■ Collected data
☆ ☆ ☆ ☆ ☆

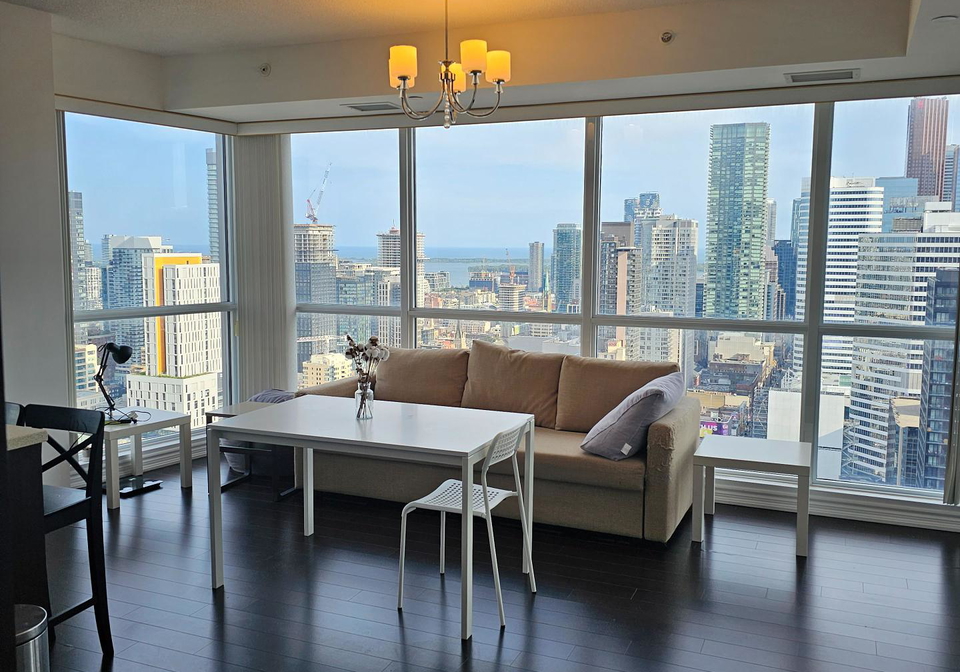 386-yonge-street-w-toronto-ontario-c12266451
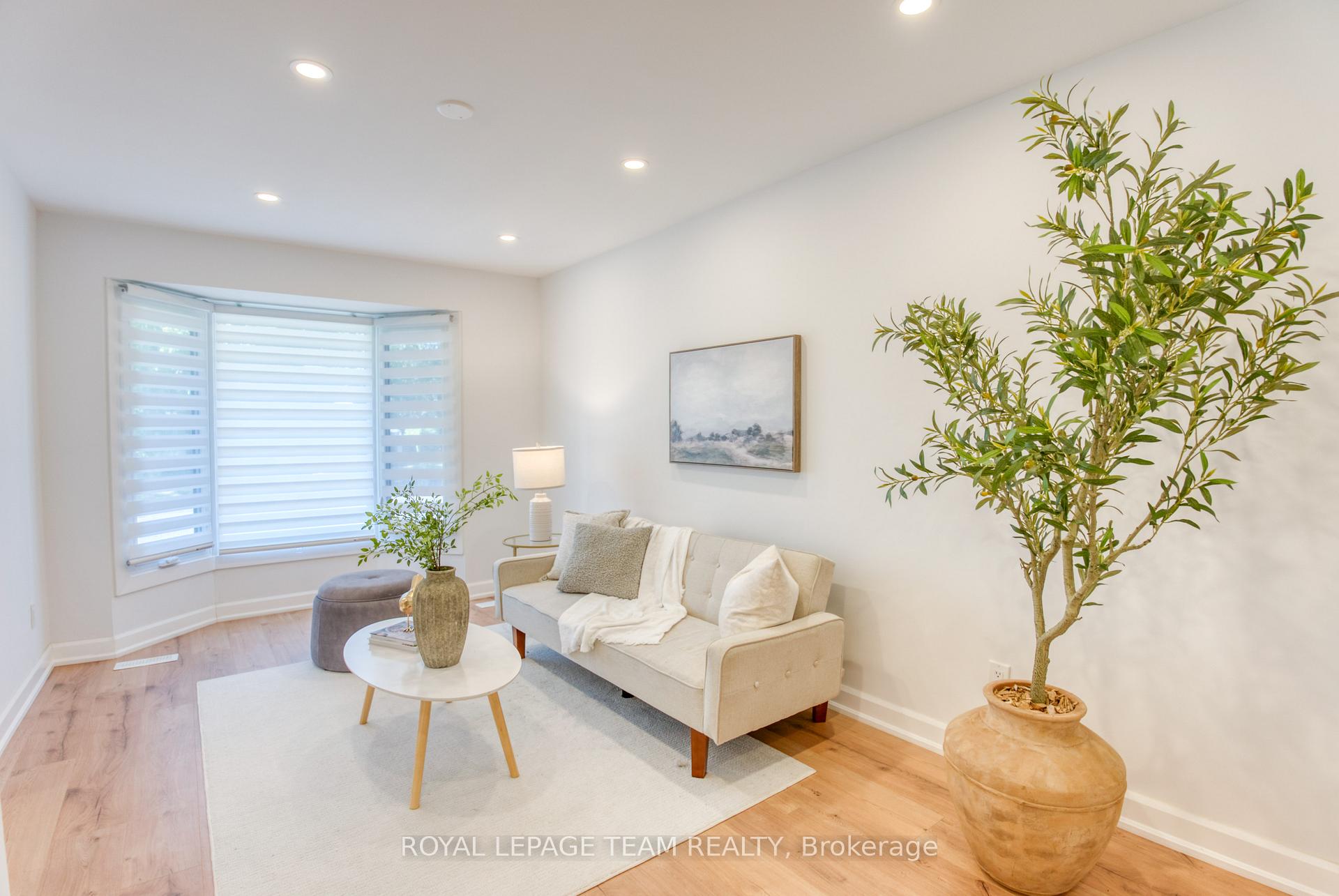 Photo 6 of 21 Equestrian Drive, Ottawa, Kanata - Bridlewood — HOMEH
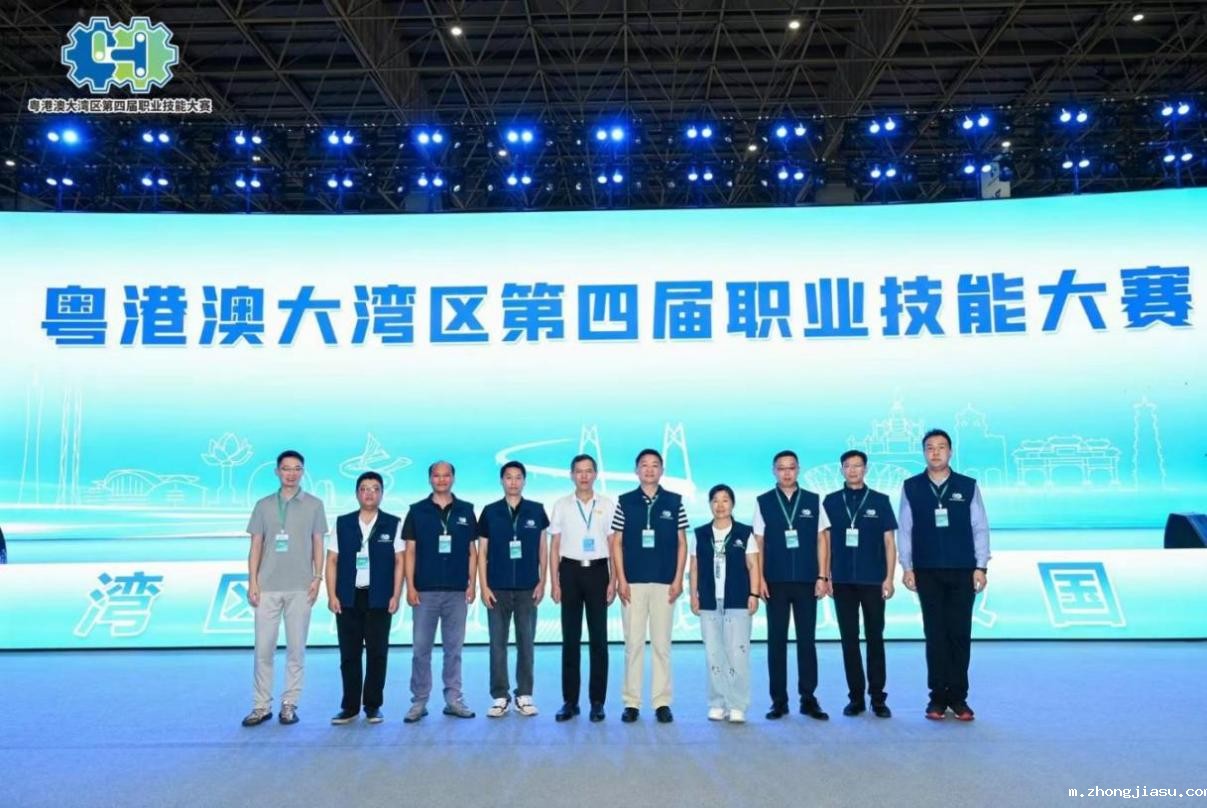 5-我院教师作为粤港澳大湾区工业机器人技术应用裁判留影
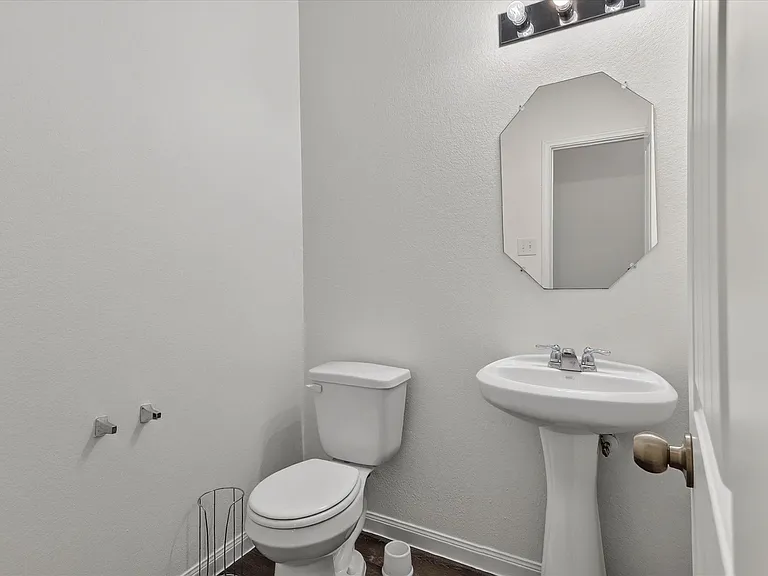 24839 Goldoni Dr — Photo 27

☆ ☆ ☆ ☆ ☆

■ Instructions for the task
Give back the whole listing exactly as written. Do not include any picture.

■ Your response
 386-yonge-street-w-toronto-ontario-c12266451
 Photo 6 of 21 Equestrian Drive, Ottawa, Kanata - Bridlewood — HOMEH
 5-我院教师作为粤港澳大湾区工业机器人技术应用裁判留影
 24839 Goldoni Dr — Photo 27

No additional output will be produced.